Friday, November 15 & Saturday, November 16, 2024

Florida State University College of Law and Loyola University Chicago School of Law will co-host the Fifteenth Annual Constitutional Law Colloquium at the Florida State University College of Law Campus, 425 West Jefferson Street, Tallahassee, FL 32306.

This event will provide a forum for constitutional law scholars at all stages of their professional careers to discuss current projects, doctrinal and theoretical developments in constitutional law, and future goals. The conference will bring together academics to discuss works-in-progress concerning a broad variety of constitutional issues—including Free Speech, Substantive Due Process, Equal Protection, Suffrage Rights, Campaign Finance, Interpretive Methods, Process Oriented Constitutionalism, Issues at the Interface of National Security and Constitutional Rights, Due Process Underpinnings of Criminal Procedure, Judicial Review, Executive Privilege, Suspect Classifications, Commerce Clause, and Comparative Constitutionalism—to present ideas and benefit from informed critiques. All submissions will be considered, but participation is by invitation only. Past participants have included constitutional law scholars from throughout the United States and several foreign countries. Presentations will be assigned to panels based on affinity of subject matter. The conference is also open to scholars who wish to attend sessions without presenting.

Keynote Speaker

Cristina Rodríguez, Leighton Homer Surbeck Professor of Constitutional Law, Yale Law School

Paper Submission Procedure

Titles and abstracts of papers should be submitted electronically at https://luc.co1.qualtrics.com/jfe/form/SV_1OjCrOeM3EcCQlw no later than June 18, 2024. Abstracts for co-authored papers should be submitted only once.

Please submit 150 to 200 word abstracts interested in contributing to the current debates concerning constitutional theory and Supreme Court rulings. The goal of the Colloquium is to allow professors to develop new ideas with the help of supportive colleagues on a wide range of constitutional law topics.

Eligibility: The Constitutional Law Colloquium is aimed at Constitutional Law, Legal History, Political Science, and Philosophy scholars teaching full-time and part-time at the university, law school, and graduate levels on all matters of constitutional law.

The deadline to submit titles and abstracts is June 18, 2024.

Attending the Colloquium

All interested attendees are welcome to attend the Colloquium without presenting a paper.
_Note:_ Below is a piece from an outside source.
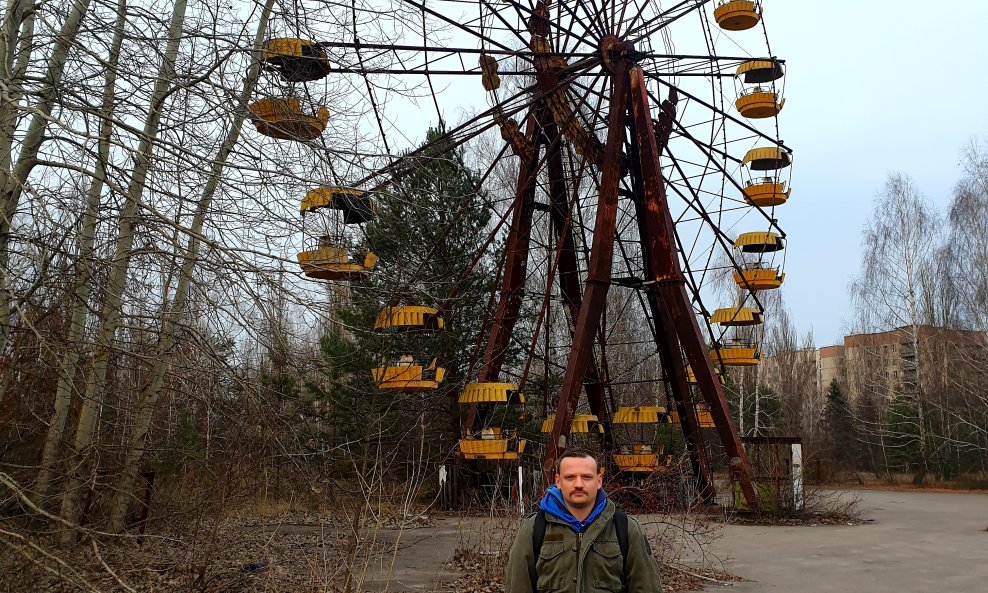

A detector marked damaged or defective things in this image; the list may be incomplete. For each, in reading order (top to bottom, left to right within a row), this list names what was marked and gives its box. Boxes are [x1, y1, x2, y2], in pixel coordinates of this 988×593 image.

rusty metal structure [312, 0, 792, 508]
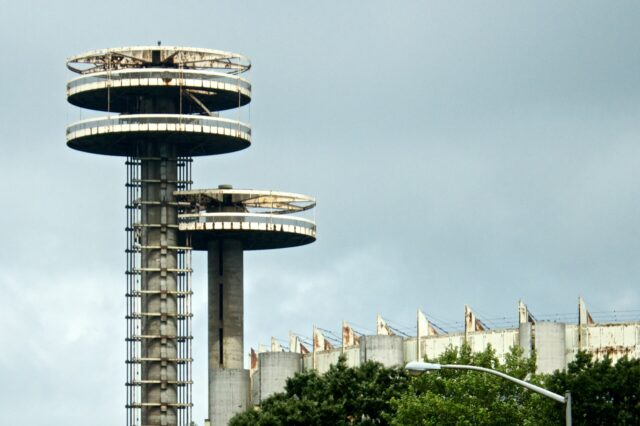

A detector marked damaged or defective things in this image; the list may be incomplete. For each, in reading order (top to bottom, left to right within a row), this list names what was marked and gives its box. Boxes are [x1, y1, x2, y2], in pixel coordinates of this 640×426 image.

Please fill out this brief form to RSVP.

Conference Organizers

Professor Barry Sullivan, Loyola University Chicago School of Law, Cooney & Conway Chair in Advocacy and George Anastaplo Professor of Constitutional Law and History, bsullivan7@luc.edu.

Professor Alexander Tsesis, Professor and D’Alemberte Chair in Constitutional Law, Florida State University College of Law, atsesis@law.fsu.edu.

Program Administrators: Jamie Perry and Jordan Mercer, ConstitutionLaw@luc.edu.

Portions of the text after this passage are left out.